Gas-powered outdoor gear can do acceptably well with E10 fuel. But if you add fuel with higher percentages of ethanol, engines get funky. They run hotter. The ethanol draws in moisture, which can build up and separate in the tank, a process called phase separation, which lead to starting problems for many products. And they cause plastic and rubber parts (including fuel lines) to stiffen and clog.

You perhaps see the point of fueling up with only E10—or even E0, gas with no ethanol, which some states still allow. (You can also buy ethanol-free gas at home centers.) The trouble is that a rising percentage of respondents do not know the difference among the many variations at the pump.

When it comes to ethanol in gas, the cheapest fuel is typically the one with the most ethanol. That one is the absolute worst for your equipment, and the lower price is a prime reason for misfueling.

Sure, they can tell apart regular, premium and ultra; the higher the octane, the higher the cost. But when it comes to ethanol in gas, the cheapest fuel is typically the one with the most ethanol. That one is the absolute worst for your equipment, and the lower price is a prime reason for misfueling. Two-thirds of respondents, in fact, say they buy the cheapest gas whenever possible.

Food for Thought
Of the 2,000 adult respondents to OPEI’s poll, 11 percent use the wrong fuel in their power gear.
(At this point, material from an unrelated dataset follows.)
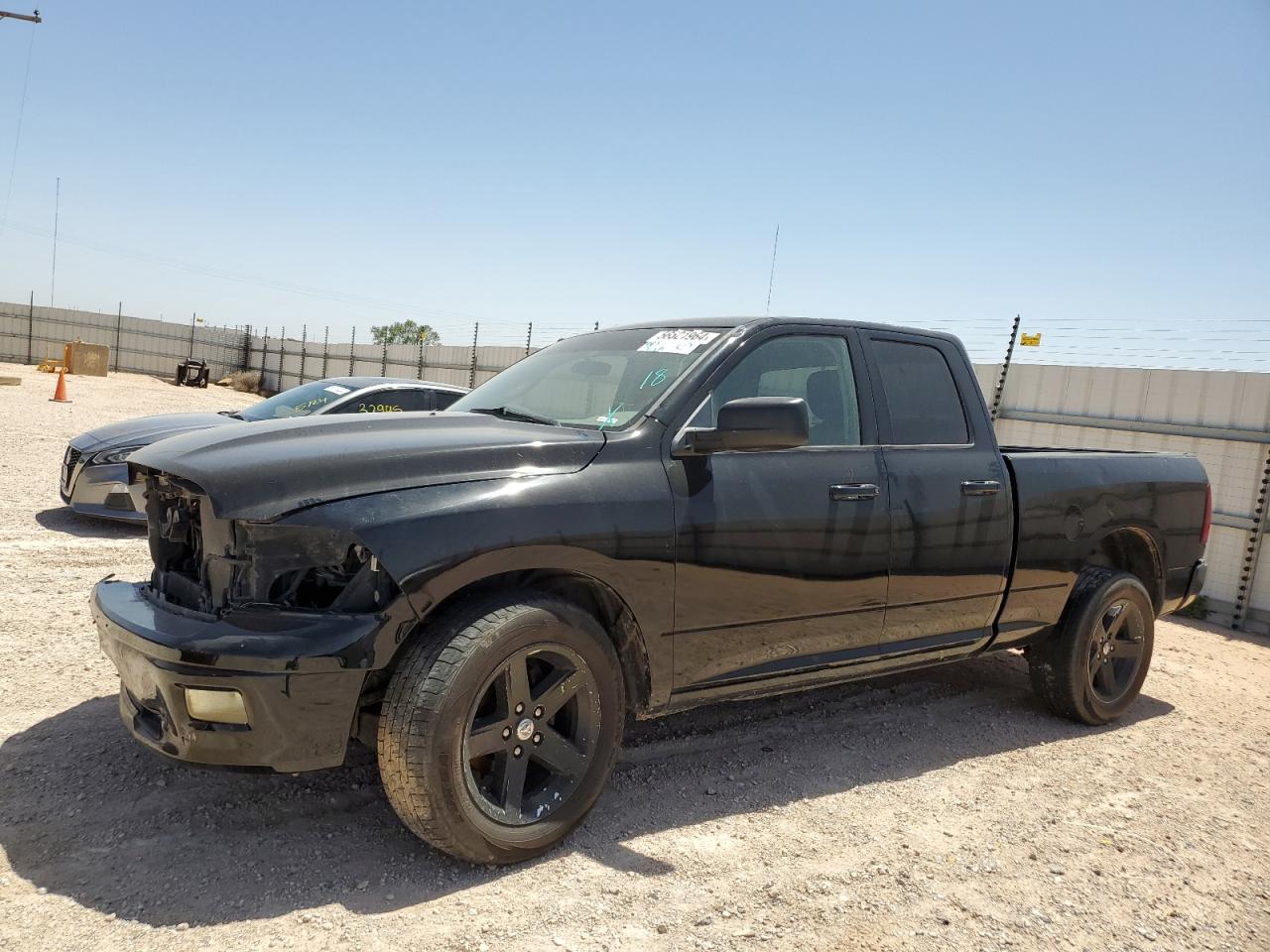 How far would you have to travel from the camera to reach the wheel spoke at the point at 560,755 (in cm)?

That might not sound like many, but the 11 percent means 220 adults using the wrong fuel in perhaps several products they own—thousands of dollars’ worth of equipment. The 11 percent also seems discouraging when you consider that in the poll for 2015, only 7 percent used the wrong fuel.
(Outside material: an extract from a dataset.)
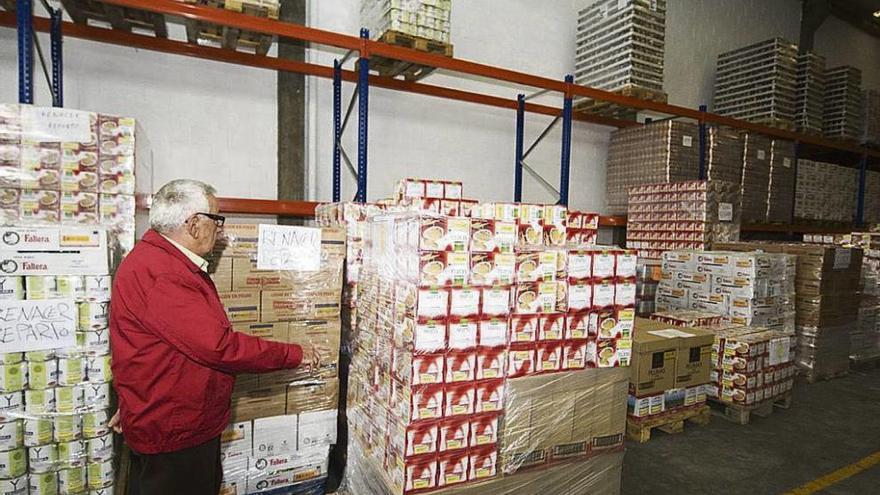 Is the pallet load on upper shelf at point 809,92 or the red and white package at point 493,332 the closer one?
the red and white package at point 493,332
The study found, too, that Americans are more likely now than in past years to believe that any ethanol blend in gasoline whatsoever is safe for any gasoline-powered engine. A whopping 38 percent believe any blend will do, a gradual rise from 30 percent in 2015.

More findings:

  • Only a fifth of respondents say they notice pump markings indicating ethanol content when they buy gas, compared to 25 percent last year. Perhaps part of the reason: The EPA sticker warning that blends above E10 cannot legally go into lawn equipment and could cause damage is a fraction of the size of the myriad ads on the pump and the screen above. You can see it below.
  • Just over 40 percent admit they don’t look for any warnings at all when they’re fueling their car.
  • Maybe most troubling of all, more than half of those polled (51 percent) fill up their portable gas can with the same fuel they use to fill their vehicle.

The good news for a responsive federal government to heed: Consumers are taking notice. Roughly two-thirds of those polled believe ethanol-free gas should be more widely available at filling stations.
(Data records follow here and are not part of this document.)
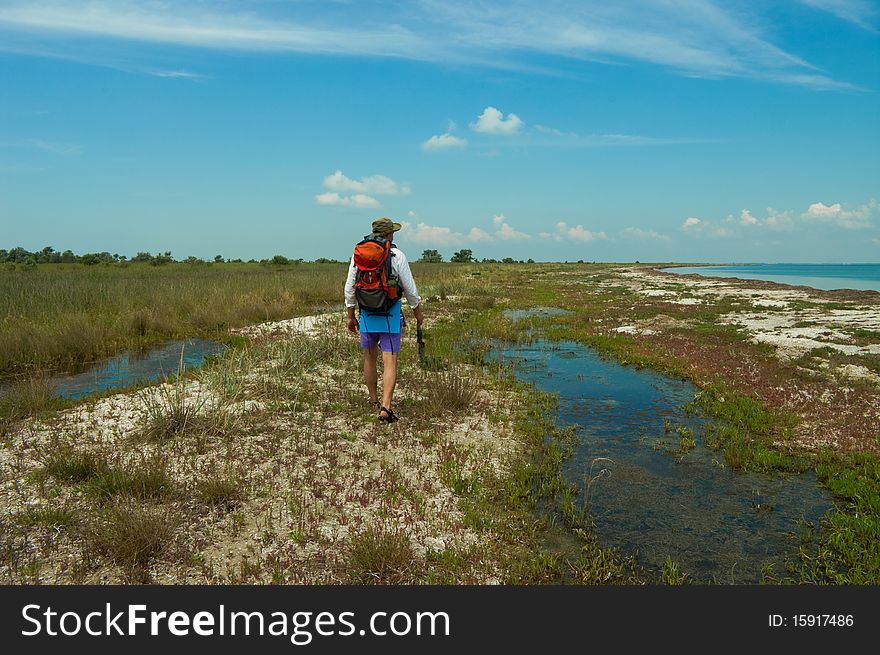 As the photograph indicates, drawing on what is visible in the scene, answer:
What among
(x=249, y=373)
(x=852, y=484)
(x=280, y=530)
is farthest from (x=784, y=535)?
(x=249, y=373)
“What goes in your car or truck may not be safe to put in your lawn mower, and consumers are not paying attention and making unintended mistakes,” said Kris Kiser, president and CEO of OPEI. “Yet pump labeling and consumer education are inadequate. As ethanol continues to be subsidized [by the government], more stations sell it. We’re concerned about consumer safety and choice.”

Fortunately for the alert, the fuel pump isn’t the only source for warnings about what to use in your power gear. Everything from the smallest gas-powered handhelds to the largest lawn tractors carry multiple warnings upon purchase. Even if you throw away the owner’s manual and all the tags, you’ll see one indication that doesn’t go away: a notice on the gas cap to use no blend higher than E10.

Ignore it at your equipment’s peril.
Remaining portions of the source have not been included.